• Image-caption web data:
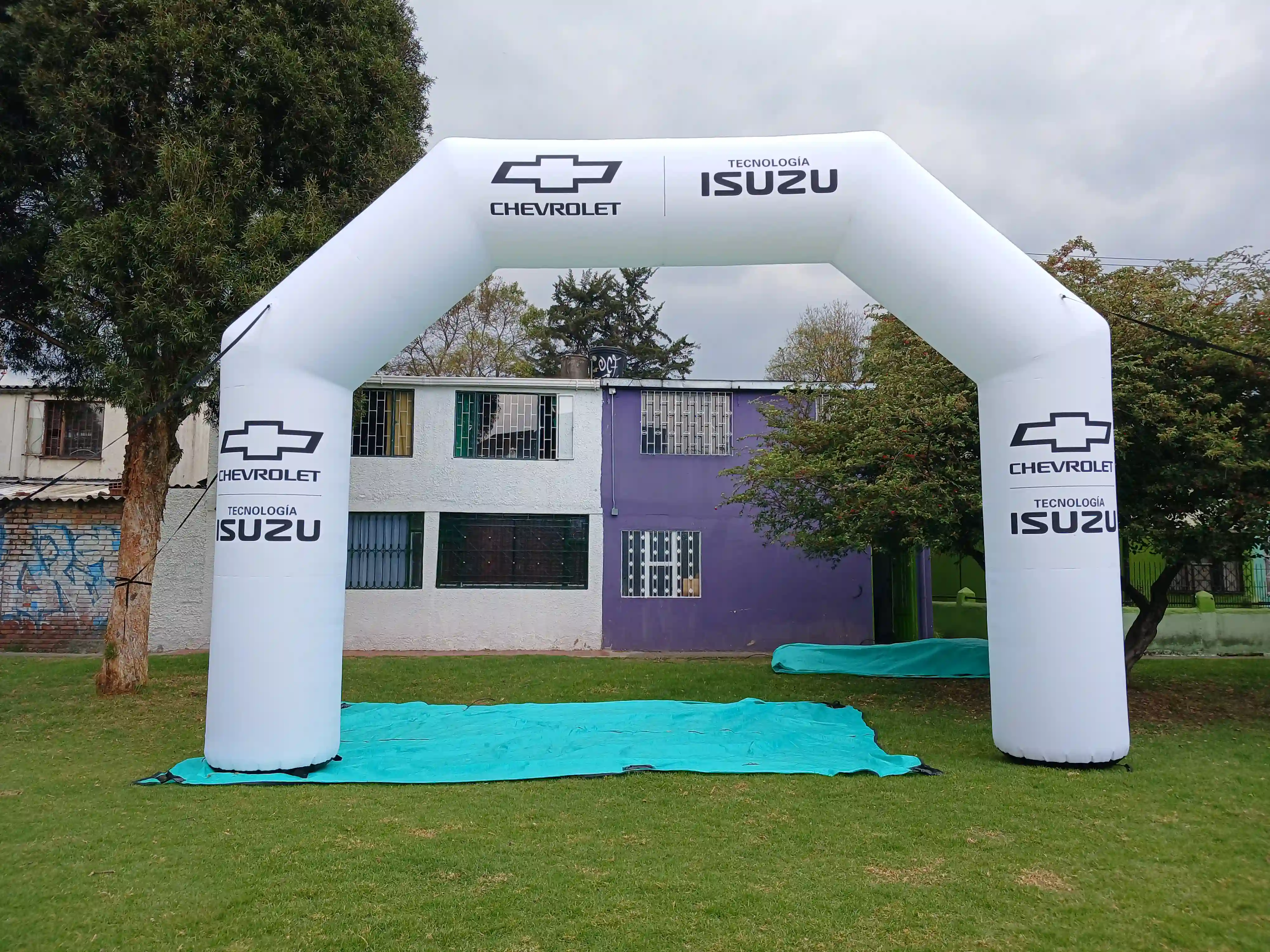 Arco inflable publicitario para la marca CHEVROLET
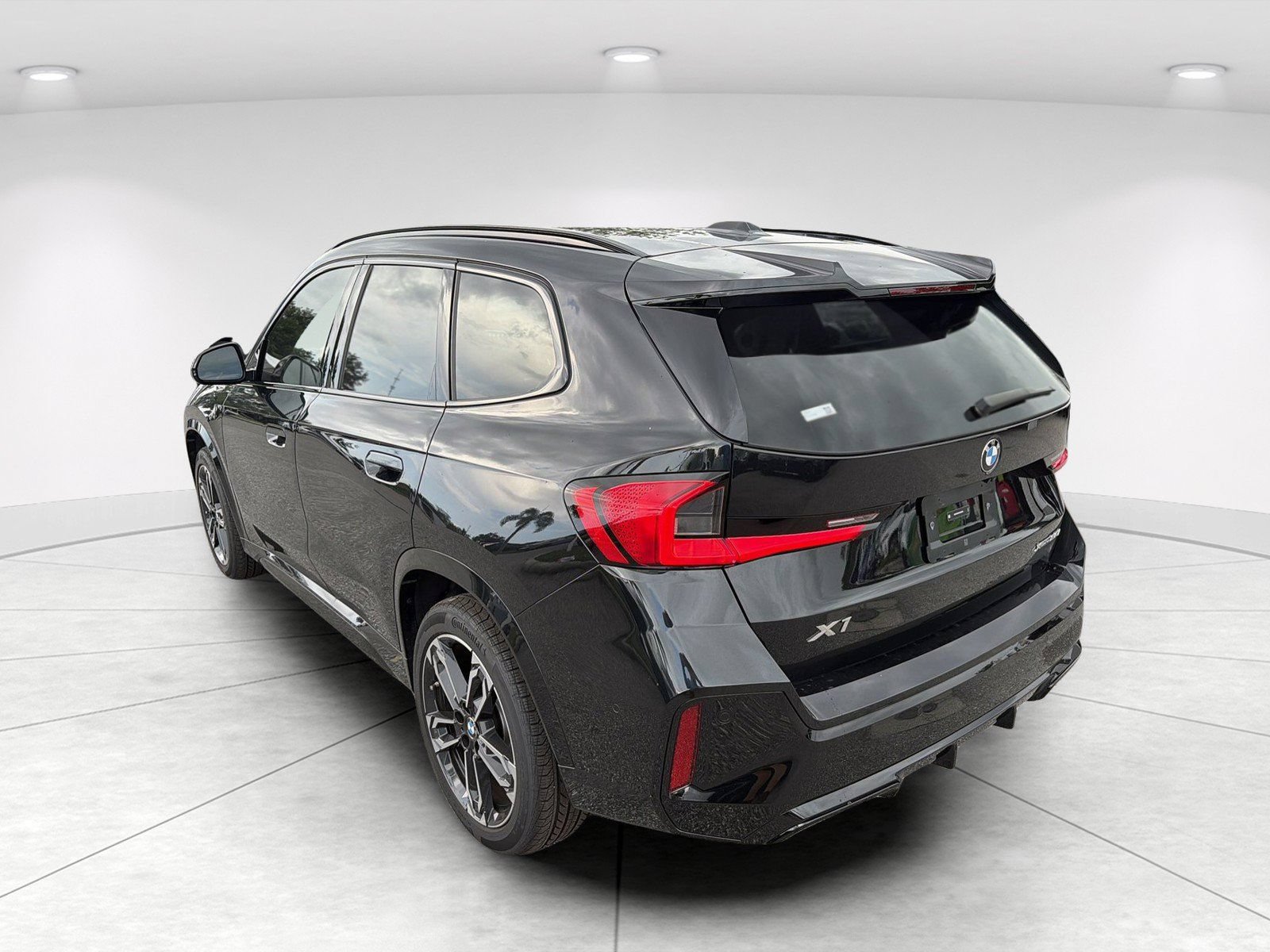 New 2026 BMW X1 xDrive28i w/ Technology Package AWD/4WD image 6
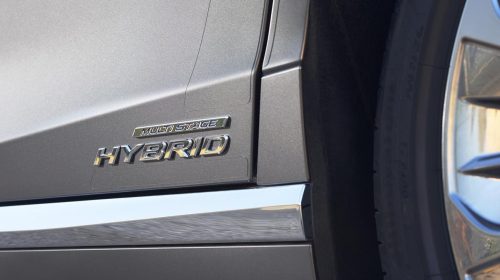 Lexus presenta la nuova LS Hybrid - image 305-lexus-ls500h-manganese-detail-500x280 on https://motori.net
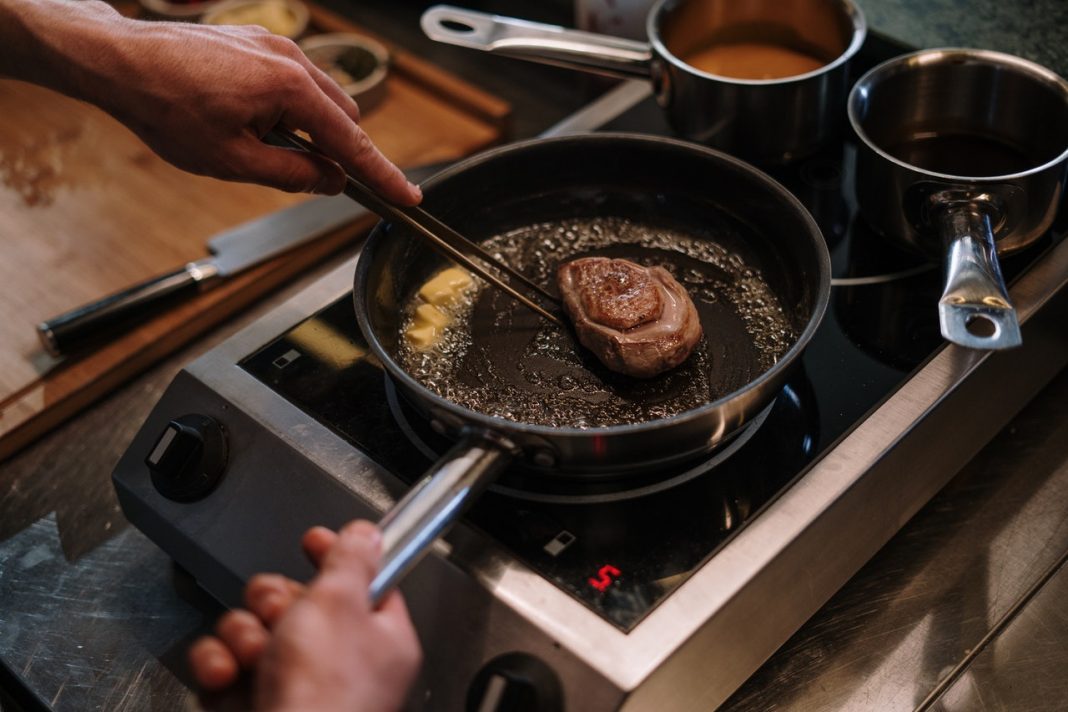 Filetes de cerdo flambeados la curiosa receta que no se te habría ocurrido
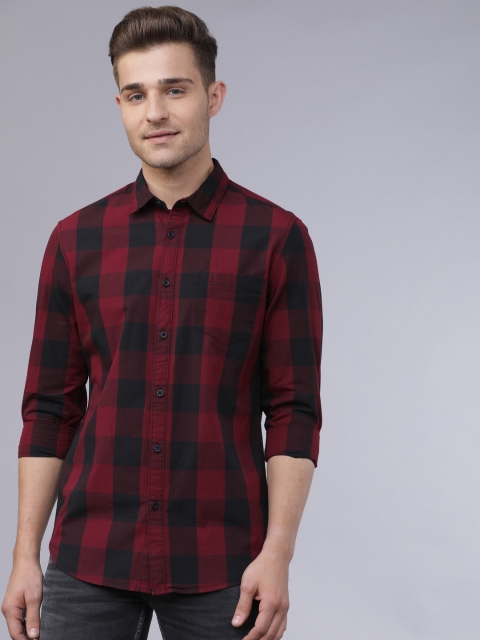 

HIGHLANDER Men Maroon & Black Yarn Dyed Slim Fit Checked Casual Shirt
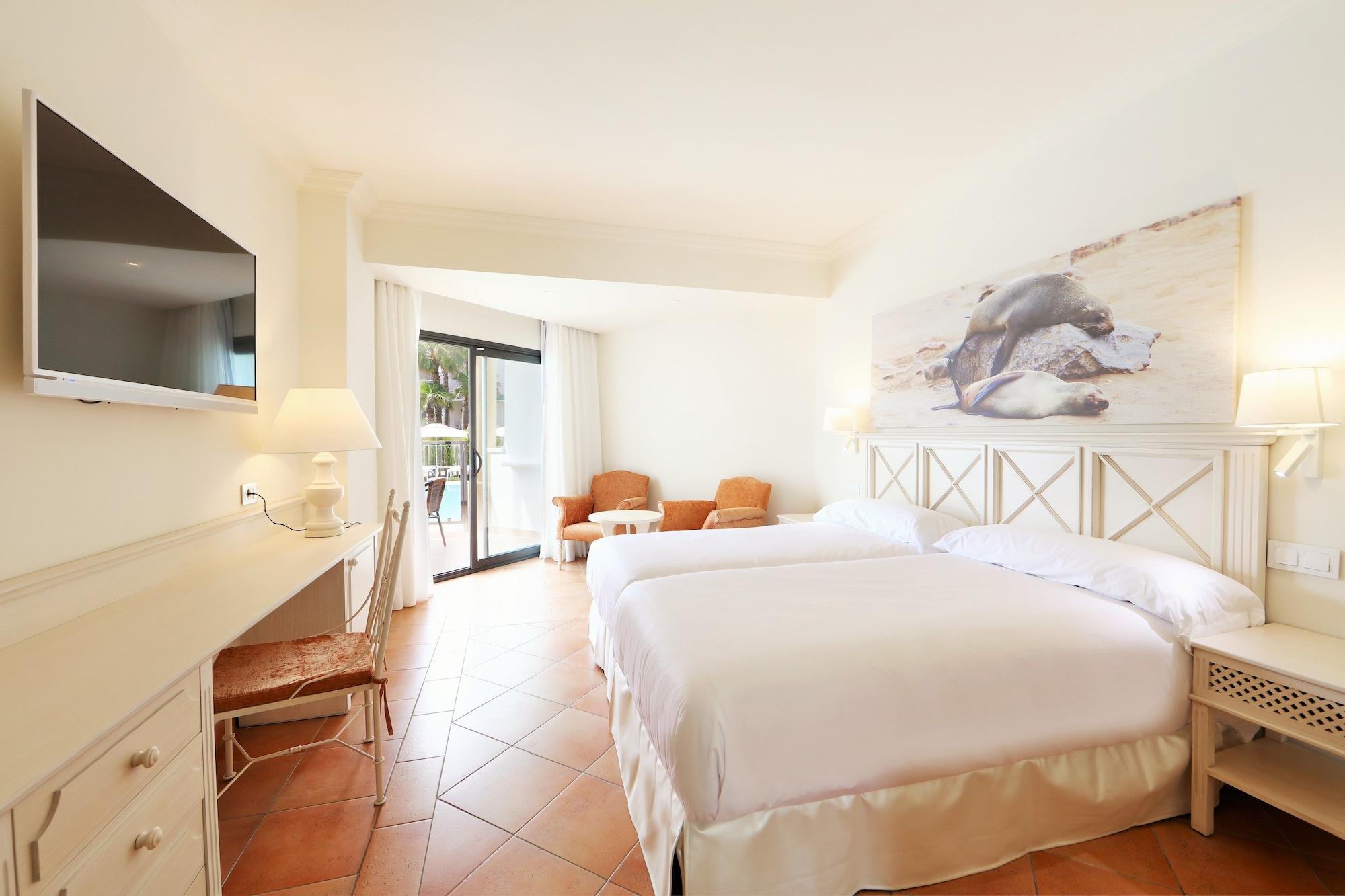Iberostar Selection Andalucia Playa Otel Chiclana de la Frontera Dış mekan fotoğraf A room at the hotel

• ASSIGNED TASK: The reply should repeat the data in full, exactly as given, and contain no pictures.

• SOLUTION FOR THIS EXERCISE:
 Arco inflable publicitario para la marca CHEVROLET
 New 2026 BMW X1 xDrive28i w/ Technology Package AWD/4WD image 6
 Lexus presenta la nuova LS Hybrid - image 305-lexus-ls500h-manganese-detail-500x280 on https://motori.net
 Filetes de cerdo flambeados la curiosa receta que no se te habría ocurrido

HIGHLANDER Men Maroon & Black Yarn Dyed Slim Fit Checked Casual Shirt
Iberostar Selection Andalucia Playa Otel Chiclana de la Frontera Dış mekan fotoğraf A room at the hotel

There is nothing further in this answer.